Potentially one of the standout moments from the weekend came packaged within the slender frame of BETSY – who delivered a goosebump-inducing set of soul-informed synth-pop in the basement venue of Undertone on the Young Promoters Network stage. Her rich voice – its sheer power enhanced both by her band and by the relatively small size of the venue – reverberates around the four walls of the room, entrancing everyone in its wake. Not only did the venue barely manage to contain her voice and her sound but it barely contained her, with her impressively tall high-heels making the proximity from the ceiling to her head even smaller.
It was one of those moments where I genuinely felt I was in the presence of something special. It’s astonishing to think that she hasn’t played many gigs before, as her performance demonstrated an artist that possesses the full package. As well as the talent that is obvious to see, she has arguably everything else – the charisma, the stage presence, the presentation, the highly readable (and highly marketable) back story, and a sound that is accessible to audiences of all ages or musical preference. Potential for success is rendered useless without the factors of timing and opportunity being involved. But both factors are equally irrelevant without the talent to justify it, and BETSY certainly has what it takes to potentially be a big name in the coming months.
It is simultaneously one of the best and worst elements of Swn that artists I rate highly on my list to see end up clashing on the day, which is why once I manage to slither my skinny frame out of Undertone, I only manage to make it to The Moon Club just in time to catch the tail-end of London noise-pop quartet Chorusgirl. But even just the three songs I catch by them – one crisp indie-pop hook after the after – are catchy enough to leave an impression.
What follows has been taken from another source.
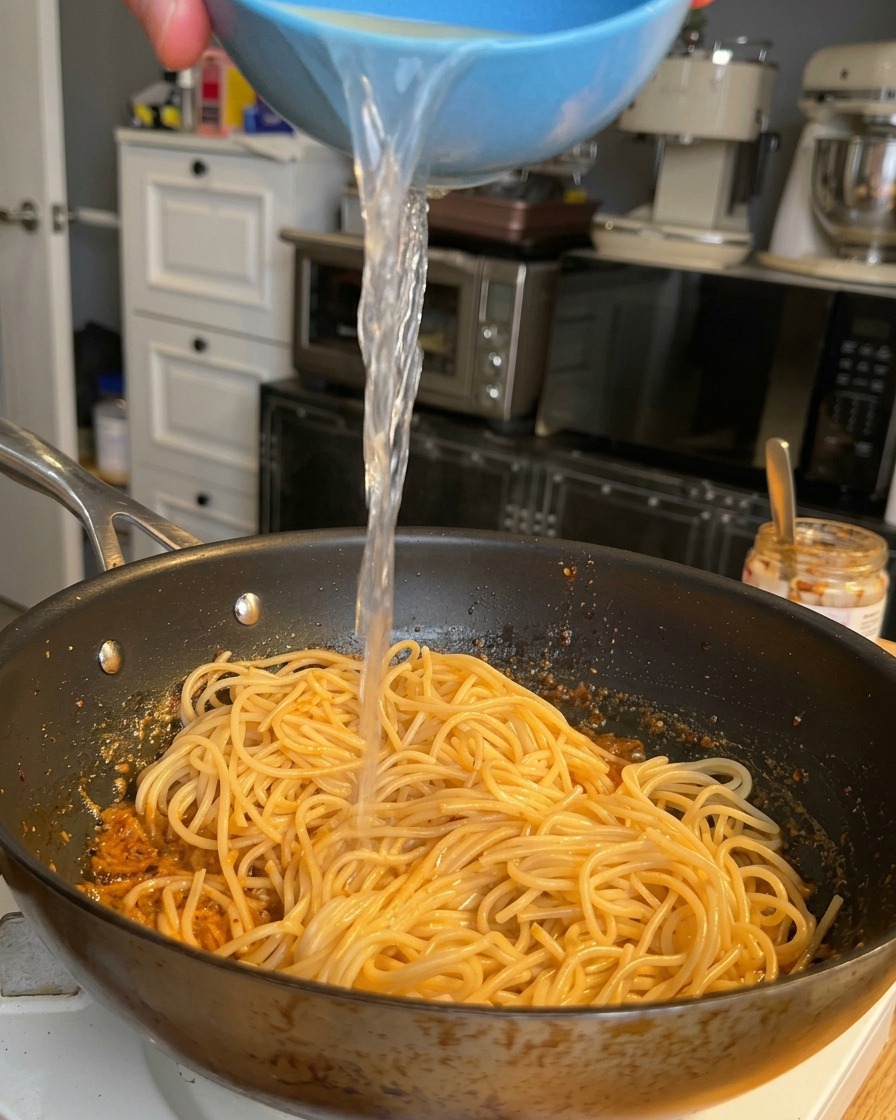 Strumień czystej wody z gotowania makaronu wlewany z niebieskiej miseczki na patelnię ze spaghetti wymieszanym z sosem śmietanowym.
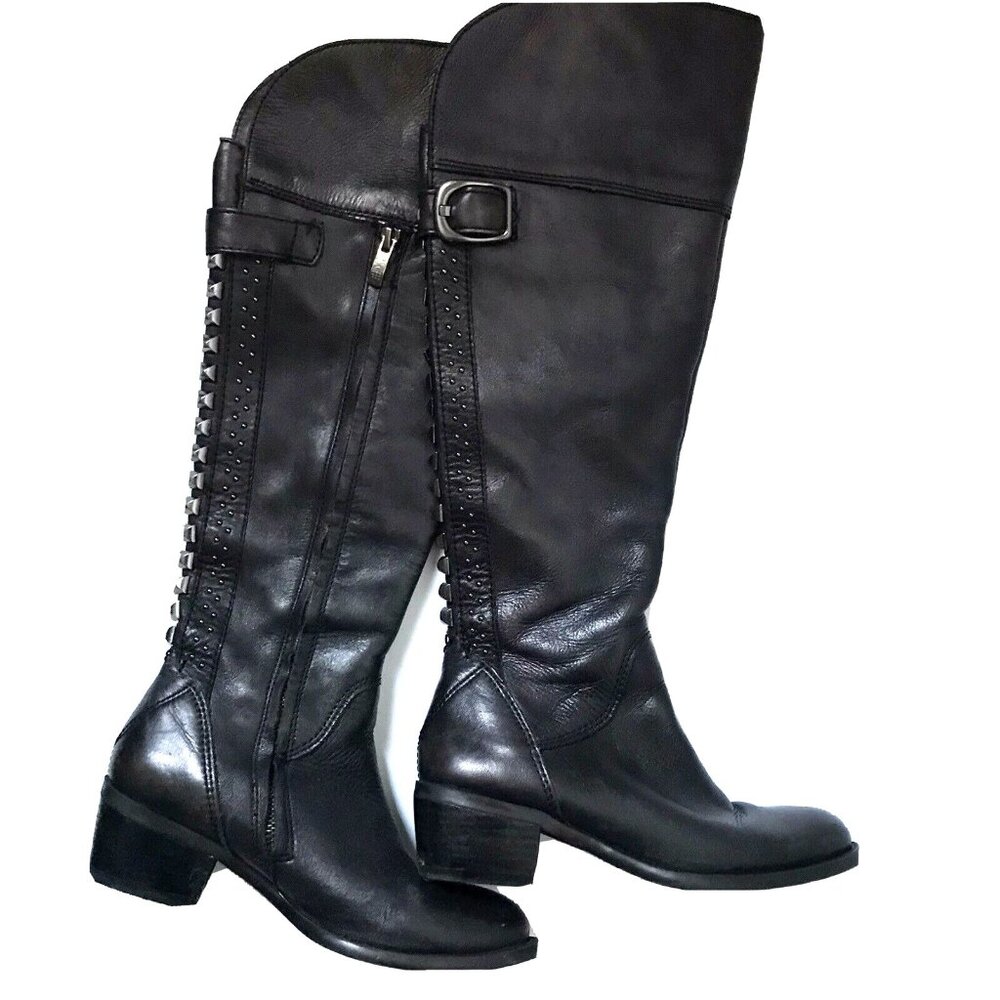 Vince Camuto VC Bollo Leather Two Tone Studded Equestrian zip black boots 6.5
Fleur De Lys - Swn Festival. Photo provided by BBC Cymru Wales (Photographer: Simon Ayre)
Now just about fully fuelled from my annual Swn musical fix, I mark the end of my coverage of the weekend with a trip back to O’Neills for Dutch exports Amber Arcades – both band and the solo moniker of Annelotte de Graaf. Having played the opening night of Swn last year, she returns in a more favourable final-day headline slot. Opening with the slick garage-pop hooks of Right Now, she puts in a performance that is assured and animated in equal measure. Each song brims with ambition and aero-bound melodies. She even has the audacity to throw in a cover of Nick Drake‘s 1972 track Which Will – the fragility of the track suited to her shimmering electro-inspired power-pop spin.
One safe guarantee of Swn is that whichever artists tweaks my curiosity on the day and wherever my musical exploration takes me, without fail I will always end up at the now-notorious Swn after-party in Clwb Ifor Bach – staying up until dusk, singly (badly) in a group rendition of Queen’s Bohemian Rhapsody and pretending I’m still a young-at-heart student until the impending hangover the following day reminds me otherwise.
Another staple of Swn is that in such a vast sonic oasis of new music, I will end up discovering great new bands, adding new favourite tracks to my playlist, meeting fellow music-enthusiasts and making great memories that outlast any Jagerbomb-fuelled hangover. Swn Festival has been providing exactly that to many individuals like myself for ten glorious years, and hopefully there’s plenty more to be had.